New UEFI vulnerability bypasses Secure Boot — bootkits stay undetected even after OS re-install

A new UEFI vulnerability has been discovered that is spread through multiple system recovery tools. Bleeping Computer reports that the vulnerability enables attackers to bypass Secure Boot and deploy bootkits that can be invisible to the operating system. Microsoft has officially flagged the vulnerability with the codename CVE-2024-7344 Howyar Taiwan Secure Boot Bypass.

The culprit purportedly comes from a customer PE loader, which allows any UEFI binary to be loaded, even unsigned ones. This is due to the vulnerability allegedly not relying on trusted services such as LoadImage and StartImage.

Attackers can exploit this functionality by replacing an app's default OS bootloader on the EFI partition with a vulnerable version that contains a rudimentary encrypted XOR PE image. Once installed, the infected system will boot with malicious data from the XOR PE image.

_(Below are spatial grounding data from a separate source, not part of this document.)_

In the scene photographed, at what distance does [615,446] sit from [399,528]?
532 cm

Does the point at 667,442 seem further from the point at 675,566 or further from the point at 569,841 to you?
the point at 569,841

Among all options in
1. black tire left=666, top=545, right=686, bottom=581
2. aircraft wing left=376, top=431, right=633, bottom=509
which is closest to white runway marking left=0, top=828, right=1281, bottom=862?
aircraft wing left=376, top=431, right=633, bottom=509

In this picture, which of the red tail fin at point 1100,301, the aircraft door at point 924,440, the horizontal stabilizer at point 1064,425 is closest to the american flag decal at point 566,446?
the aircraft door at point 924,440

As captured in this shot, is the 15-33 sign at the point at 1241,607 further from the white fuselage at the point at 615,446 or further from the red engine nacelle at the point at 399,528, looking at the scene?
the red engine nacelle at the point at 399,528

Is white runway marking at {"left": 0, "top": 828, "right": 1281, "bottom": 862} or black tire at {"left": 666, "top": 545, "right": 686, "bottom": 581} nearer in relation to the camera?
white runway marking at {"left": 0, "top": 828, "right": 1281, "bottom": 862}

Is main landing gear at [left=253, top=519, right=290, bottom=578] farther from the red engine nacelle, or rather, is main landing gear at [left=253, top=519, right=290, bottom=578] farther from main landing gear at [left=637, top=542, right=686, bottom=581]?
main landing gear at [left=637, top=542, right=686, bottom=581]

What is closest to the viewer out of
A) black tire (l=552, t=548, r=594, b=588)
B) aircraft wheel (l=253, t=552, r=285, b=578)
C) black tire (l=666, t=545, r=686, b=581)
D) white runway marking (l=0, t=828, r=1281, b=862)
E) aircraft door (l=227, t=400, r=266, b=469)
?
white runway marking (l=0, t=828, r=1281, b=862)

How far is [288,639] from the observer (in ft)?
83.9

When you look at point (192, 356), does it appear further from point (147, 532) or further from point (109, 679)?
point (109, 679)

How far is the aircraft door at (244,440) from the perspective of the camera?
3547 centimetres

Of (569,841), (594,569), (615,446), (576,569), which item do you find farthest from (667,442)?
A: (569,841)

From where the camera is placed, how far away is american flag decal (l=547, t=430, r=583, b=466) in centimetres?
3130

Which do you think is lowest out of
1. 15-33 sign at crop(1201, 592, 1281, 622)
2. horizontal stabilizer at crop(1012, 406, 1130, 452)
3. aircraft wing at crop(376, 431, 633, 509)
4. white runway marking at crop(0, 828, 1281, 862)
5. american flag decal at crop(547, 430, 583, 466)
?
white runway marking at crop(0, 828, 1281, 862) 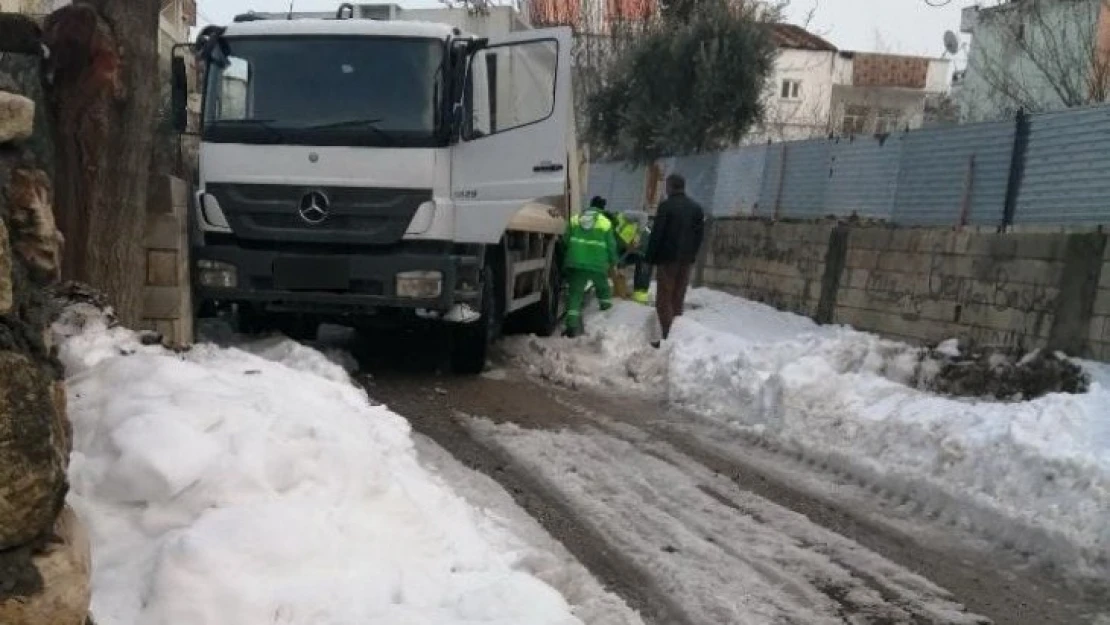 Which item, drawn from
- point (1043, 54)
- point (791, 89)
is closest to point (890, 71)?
point (791, 89)

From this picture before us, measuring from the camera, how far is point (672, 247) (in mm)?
10625

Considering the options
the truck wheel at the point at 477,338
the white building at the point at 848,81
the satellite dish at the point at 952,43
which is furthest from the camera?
the white building at the point at 848,81

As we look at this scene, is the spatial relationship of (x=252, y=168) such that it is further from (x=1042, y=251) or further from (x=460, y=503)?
(x=1042, y=251)

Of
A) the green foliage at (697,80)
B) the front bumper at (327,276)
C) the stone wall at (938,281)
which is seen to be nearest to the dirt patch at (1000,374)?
the stone wall at (938,281)

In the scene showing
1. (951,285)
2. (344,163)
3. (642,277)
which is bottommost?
(642,277)

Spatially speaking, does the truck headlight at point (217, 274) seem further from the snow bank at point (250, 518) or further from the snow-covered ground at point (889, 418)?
the snow bank at point (250, 518)

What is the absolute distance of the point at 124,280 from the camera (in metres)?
5.62

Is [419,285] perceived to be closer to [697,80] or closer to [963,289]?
[963,289]

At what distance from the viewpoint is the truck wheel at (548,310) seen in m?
11.0

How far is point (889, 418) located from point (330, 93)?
4.81 meters

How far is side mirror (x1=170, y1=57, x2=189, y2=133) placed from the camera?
7.91 m

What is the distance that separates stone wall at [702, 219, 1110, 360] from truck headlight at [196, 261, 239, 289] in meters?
6.43

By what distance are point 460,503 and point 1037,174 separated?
667 centimetres

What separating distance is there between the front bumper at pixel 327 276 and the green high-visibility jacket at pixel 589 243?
3.77m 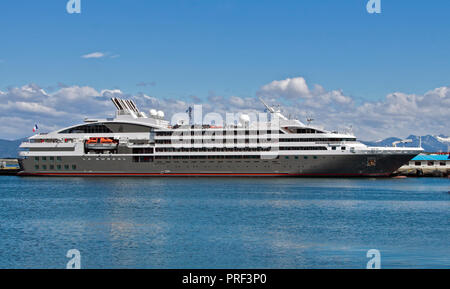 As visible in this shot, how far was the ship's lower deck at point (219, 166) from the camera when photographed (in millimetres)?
85312

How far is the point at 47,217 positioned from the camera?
4175cm

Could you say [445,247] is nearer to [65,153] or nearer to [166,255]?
[166,255]

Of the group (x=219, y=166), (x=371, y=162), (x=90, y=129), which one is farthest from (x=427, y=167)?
(x=90, y=129)

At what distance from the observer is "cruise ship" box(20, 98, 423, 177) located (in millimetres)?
85625

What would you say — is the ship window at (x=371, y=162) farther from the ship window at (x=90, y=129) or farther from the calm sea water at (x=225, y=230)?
the ship window at (x=90, y=129)

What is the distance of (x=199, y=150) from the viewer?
91.8m

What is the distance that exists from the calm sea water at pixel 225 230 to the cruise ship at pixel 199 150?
25.2 m

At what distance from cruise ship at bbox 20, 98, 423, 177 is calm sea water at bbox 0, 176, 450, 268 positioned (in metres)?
25.2

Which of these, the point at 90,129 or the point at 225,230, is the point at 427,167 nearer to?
the point at 90,129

Because this exploit completely bypasses Secure Boot and operates at the UEFI level, software-level anti-viruses and security measures are rendered useless in fighting this attack. Operating system re-installs can also not remove this attack as a potential countermeasure.

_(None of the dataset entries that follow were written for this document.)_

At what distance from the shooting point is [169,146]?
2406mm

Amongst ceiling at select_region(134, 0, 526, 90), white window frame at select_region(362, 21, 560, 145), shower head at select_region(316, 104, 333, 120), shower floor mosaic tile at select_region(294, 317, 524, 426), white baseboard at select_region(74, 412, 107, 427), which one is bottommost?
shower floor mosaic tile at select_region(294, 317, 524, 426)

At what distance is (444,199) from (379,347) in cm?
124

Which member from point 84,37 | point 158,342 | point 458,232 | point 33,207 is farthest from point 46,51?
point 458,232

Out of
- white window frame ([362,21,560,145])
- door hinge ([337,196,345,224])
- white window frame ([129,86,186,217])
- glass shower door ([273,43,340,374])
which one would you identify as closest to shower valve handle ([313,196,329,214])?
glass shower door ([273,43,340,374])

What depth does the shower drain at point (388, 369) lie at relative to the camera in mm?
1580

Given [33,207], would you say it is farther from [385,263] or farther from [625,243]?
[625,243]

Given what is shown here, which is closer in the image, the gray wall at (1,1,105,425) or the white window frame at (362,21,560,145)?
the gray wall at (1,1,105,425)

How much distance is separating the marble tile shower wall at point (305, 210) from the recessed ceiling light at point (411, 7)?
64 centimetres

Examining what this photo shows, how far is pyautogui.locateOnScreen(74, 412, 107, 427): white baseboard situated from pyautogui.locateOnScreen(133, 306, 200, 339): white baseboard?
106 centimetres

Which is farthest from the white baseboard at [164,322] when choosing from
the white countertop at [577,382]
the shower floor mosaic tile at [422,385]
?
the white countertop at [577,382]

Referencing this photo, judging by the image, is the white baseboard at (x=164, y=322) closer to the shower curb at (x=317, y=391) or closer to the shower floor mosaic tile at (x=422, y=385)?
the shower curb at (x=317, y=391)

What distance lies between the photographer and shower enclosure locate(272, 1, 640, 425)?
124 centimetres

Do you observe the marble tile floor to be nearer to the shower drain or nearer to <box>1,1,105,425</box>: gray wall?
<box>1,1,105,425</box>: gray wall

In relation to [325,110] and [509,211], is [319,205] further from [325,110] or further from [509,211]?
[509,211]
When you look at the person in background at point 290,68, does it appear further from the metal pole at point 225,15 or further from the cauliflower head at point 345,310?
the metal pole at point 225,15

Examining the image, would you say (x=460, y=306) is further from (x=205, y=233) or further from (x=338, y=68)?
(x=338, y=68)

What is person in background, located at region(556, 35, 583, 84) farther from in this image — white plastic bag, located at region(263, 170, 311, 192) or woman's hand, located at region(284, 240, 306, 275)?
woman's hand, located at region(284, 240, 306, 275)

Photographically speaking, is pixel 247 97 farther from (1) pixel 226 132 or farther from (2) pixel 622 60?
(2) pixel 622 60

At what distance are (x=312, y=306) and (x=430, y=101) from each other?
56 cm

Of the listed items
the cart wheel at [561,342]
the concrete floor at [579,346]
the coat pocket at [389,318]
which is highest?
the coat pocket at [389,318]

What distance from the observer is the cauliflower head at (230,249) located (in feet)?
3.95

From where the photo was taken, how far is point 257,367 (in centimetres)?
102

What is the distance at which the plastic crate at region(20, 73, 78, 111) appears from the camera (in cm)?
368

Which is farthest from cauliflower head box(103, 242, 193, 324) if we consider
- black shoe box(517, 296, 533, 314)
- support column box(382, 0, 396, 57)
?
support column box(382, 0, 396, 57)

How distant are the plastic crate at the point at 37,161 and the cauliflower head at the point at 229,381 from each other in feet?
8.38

Multiple system recovery tools allegedly exploit the new vulnerability from many third-party software developers. Specifically, UEFI applications are designed to assist in recovery, disk maintenance, or backups. Some of the affected tools include Howyar SysReturn, Greenware GreenGuarde, and Radix SmartRecovery.

Affected software products discovered by ESET security researchers:

• Howyar SysReturn before version 10.2.023_20240919
• Greenware GreenGuard before version 10.2.023-20240927
• Radix SmartRecovery before version 11.2.023-20240927
• Sanfong EZ-back System before version 10.3.024-20241127
• WASAY eRecoveryRX before version 8.4.022-20241127
• CES NeoImpact before version 10.1.024-20241127
• SignalComputer HDD King before version 10.3.021-20241127

The good news is that Microsoft and ESET security have already taken measures to protect the public from this vulnerability. ESET has allegedly contacted affected vendors to eliminate the security issue. Microsoft has revoked the certificates of affected venerable software in the most recent Windows update, which went live this week on patch Tuesday.

Suppose you run any of the software applications above. In that case, it's worth ensuring you have the latest Windows update, and updating the aforementioned software to versions that will counter this UEFI vulnerability is worth ensuring you have the latest Windows update.